It's an alien place for sure. But to even be able to discuss these issues in the context of an actual, real, planet only 20 light years away is only a hairs breadth away from revolutionary - welcome to the coming age of exoplanetary science!

Monday, September 27, 2010

Jovian attraction

A beautifully bright object has been hanging in the sky the past few nights. Big enough to distinguish itself from the stars by not twinkling, the planet Jupiter is closer to the Earth at the moment than it has been since the 1960's. This past Friday I found myself peering up through the canyons of Manhattan, and there it was, brilliant enough to outshine the up-lit urban canopy, muscling aside the landing lights of jetliners and helicopters, second only to the post-harvest Moon. There was something enthralling about it. This tiny disk was so distinctly alien. In my mind's eye I superimposed the great gas giant, king of worlds, two and half times as massive as all the other planets in our system put together. Its vast jet streams and storms, its incredible family of 63 moons, the potent magnetic field, the great plasma torus as Io burrows through a tight orbit. There it was, a place in the sky, a tiny condensed blob of mass. It struck me just how vivid this perspective was on the yawning gulf of interplanetary terrain. Gravity does an incredible job at packing matter down to a small volume, our solar system is indeed mostly empty void, but for these extraordinary cusps of curved space.

The scientist's curse is that any semblance of poetry often gives way to curiosity about numbers. As far and as small as Jupiter appeared in the sky it was surely doing more than just bouncing photons into my eyes.
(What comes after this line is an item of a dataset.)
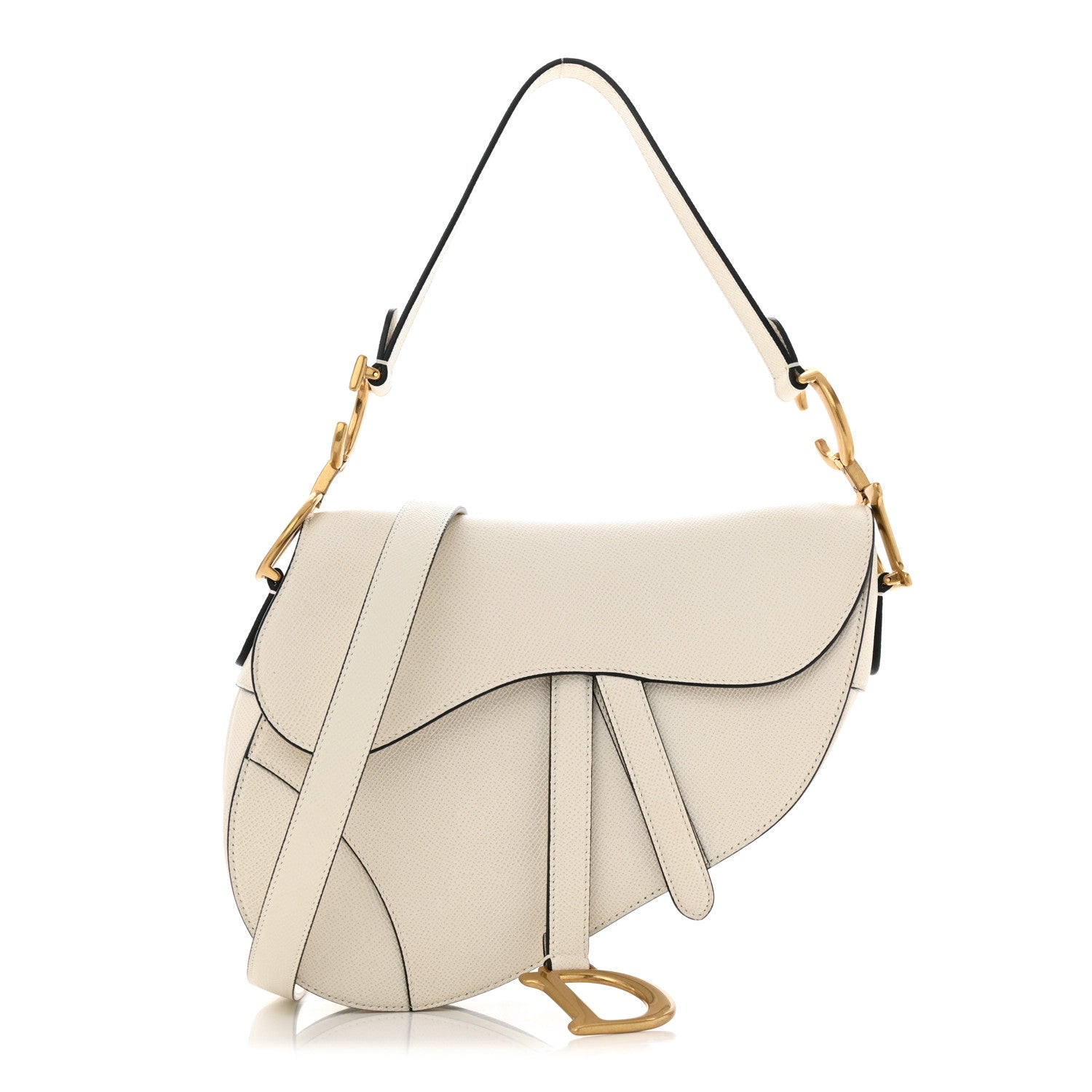 Christian Dior Grained Calfskin Saddle Bag With Strap Latte 1 of 10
All that mass, now a mere 592 million kilometers away, shouldn't I be able to feel the Jovian lure?

It turns out not by much. If Jupiter was at the zenith then it pulls at us with a gravitational acceleration a few hundred millionths that of the Earth. At first I was disappointed, it had felt so much more out there on the street. It's all a matter of relating though. The Empire State Building is a 365 thousand ton chunk of rock and steel, that's about 730 million pounds. When Jupiter sweeps close, and rises into the night, it reaches out and makes this iconic tower weigh about 26 pounds less than normal. That's not much, but 26 pounds is something I can envisage - it's a chunk of cornerstone, maybe a small floodlight. Not so much that anyone would notice, but there nonetheless.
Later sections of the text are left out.